- Entries provided:
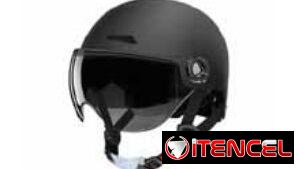 Moto, casco, baúl, candado y malla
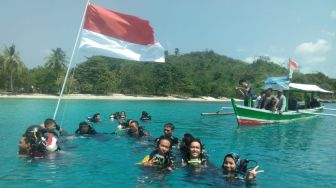 50 Orang akan Ikuti Upacara Pengibaran Bendera Merah Putih di Bawah Laut Teluk Lampung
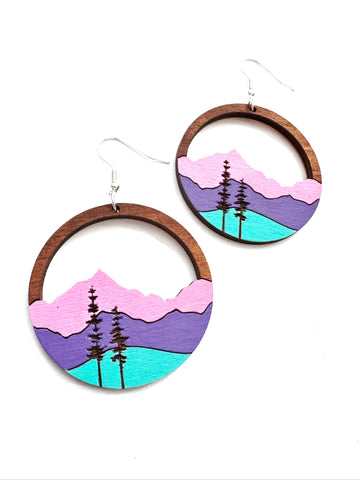 Wood mountains - large circle cutout - ppt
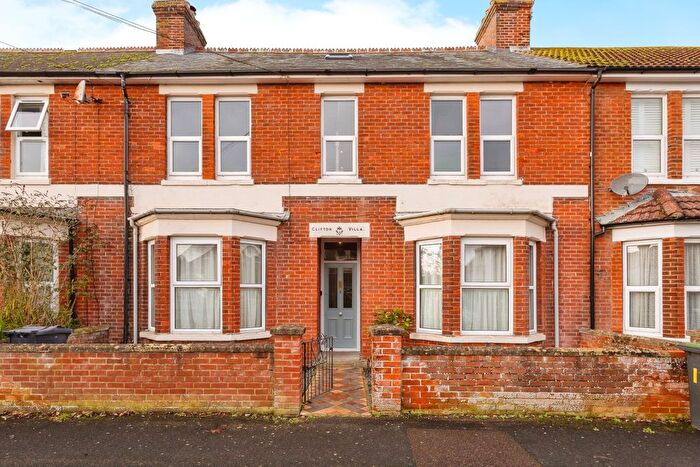 4 Bedroom Flat For Sale In Mengham Avenue, Hayling Island, PO11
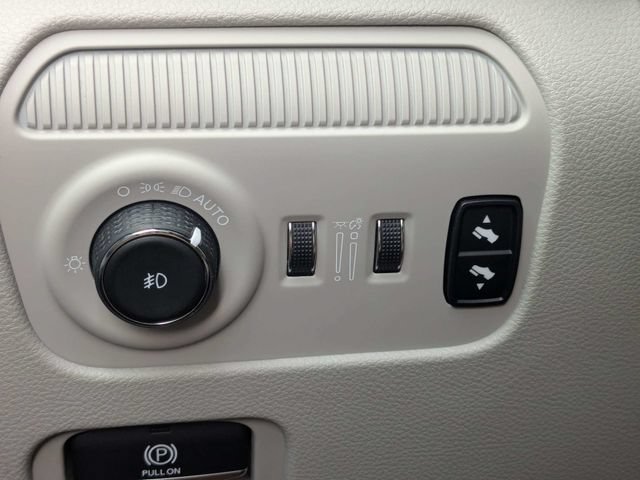 Used 2022 Jeep Wagoneer Series II w/ Convenience Group I AWD/4WD image 23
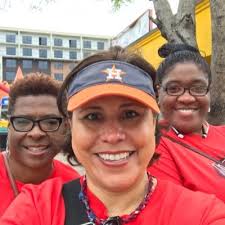 Nelda Billescas (@mightyolleowls)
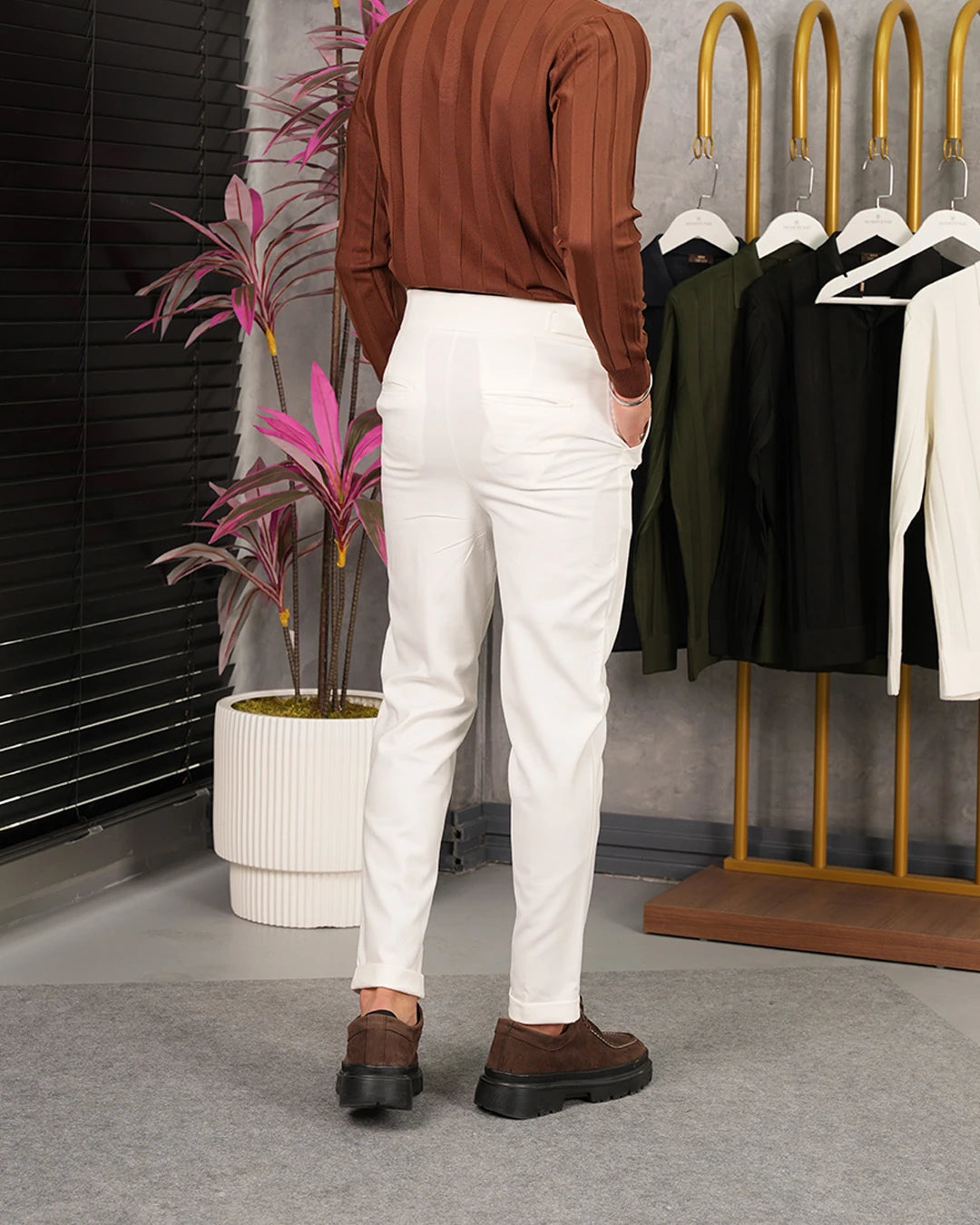 İki Düğme ve Toka Detaylı Yüksek Kalite Kumaş Pantolon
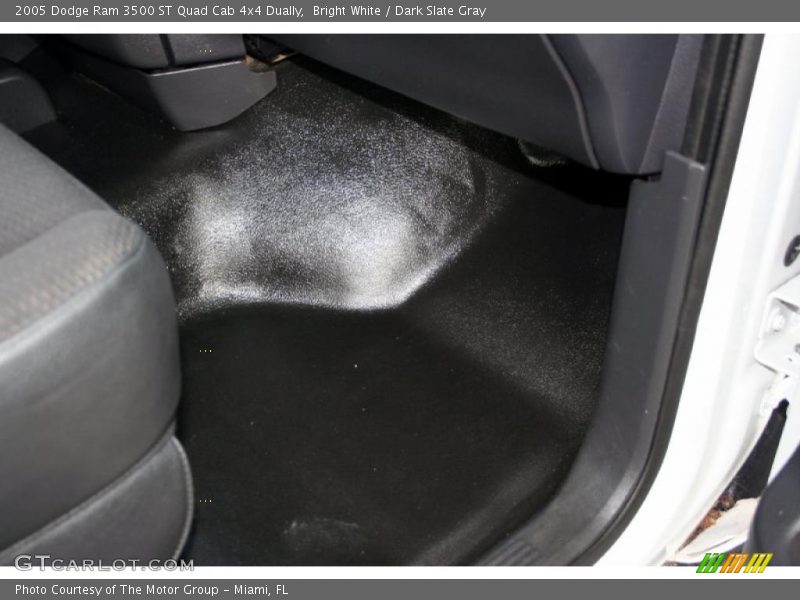 Bright White / Dark Slate Gray 2005 Dodge Ram 3500 ST Quad Cab 4x4 Dually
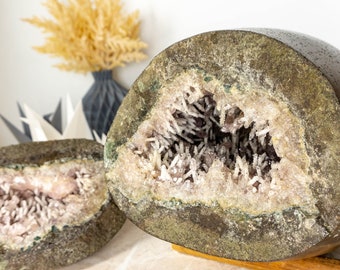 Gallery Grade Amethyst Geode with Rare Amethyst Druzy Formation, 15.9 Kg - 34.9 lb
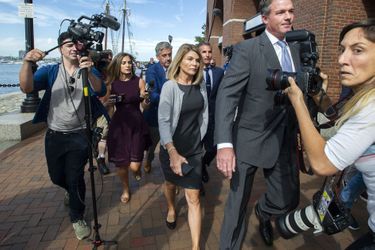 Lori Loughlin et son mari Mossimo Giannulli quittent la Cour fédérale de Boston après une audience préliminaire le 27 août 2019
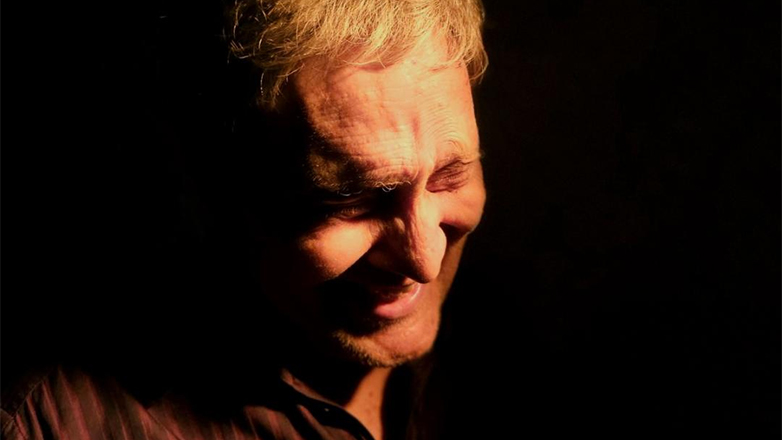 Παράταση παραστάσεων για το έργο «Κεραυνός» στο Τρένο στο Ρουφ με τον Αλμπέρτο Εσκενάζη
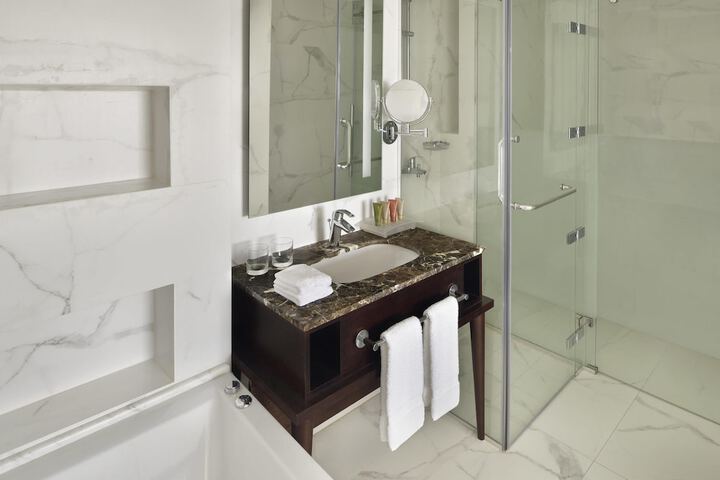 Room 20 of 195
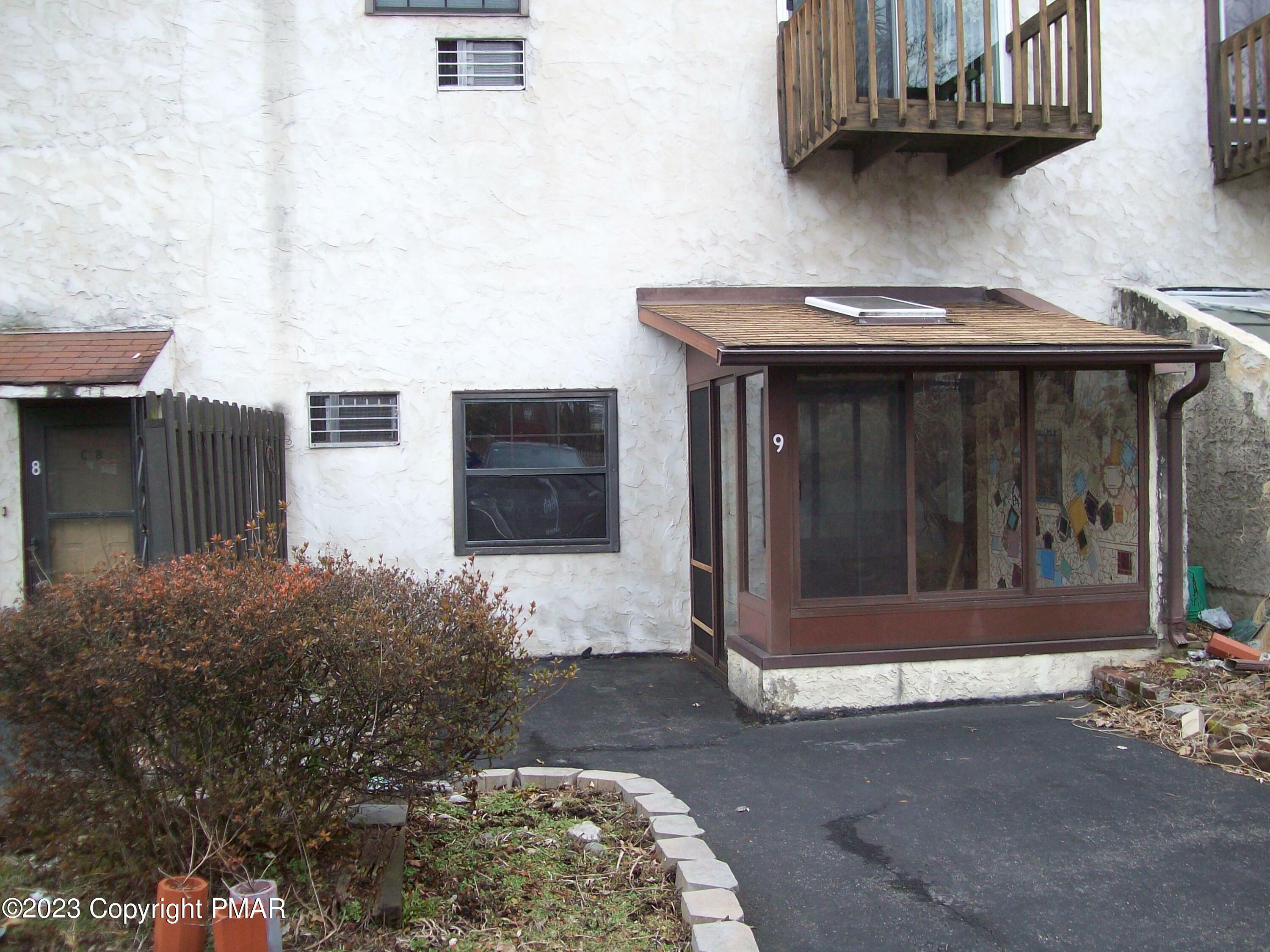 Property Photo:  240 Harris St C9  PA 18301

- What the task requires: The data above are to be repeated word for word, with any pictures left out.

- Problem solution:
 Moto, casco, baúl, candado y malla
 50 Orang akan Ikuti Upacara Pengibaran Bendera Merah Putih di Bawah Laut Teluk Lampung
 Wood mountains - large circle cutout - ppt
 4 Bedroom Flat For Sale In Mengham Avenue, Hayling Island, PO11
 Used 2022 Jeep Wagoneer Series II w/ Convenience Group I AWD/4WD image 23
 Nelda Billescas (@mightyolleowls)
 İki Düğme ve Toka Detaylı Yüksek Kalite Kumaş Pantolon
 Bright White / Dark Slate Gray 2005 Dodge Ram 3500 ST Quad Cab 4x4 Dually
 Gallery Grade Amethyst Geode with Rare Amethyst Druzy Formation, 15.9 Kg - 34.9 lb
 Lori Loughlin et son mari Mossimo Giannulli quittent la Cour fédérale de Boston après une audience préliminaire le 27 août 2019
 Παράταση παραστάσεων για το έργο «Κεραυνός» στο Τρένο στο Ρουφ με τον Αλμπέρτο Εσκενάζη
 Room 20 of 195
 Property Photo:  240 Harris St C9  PA 18301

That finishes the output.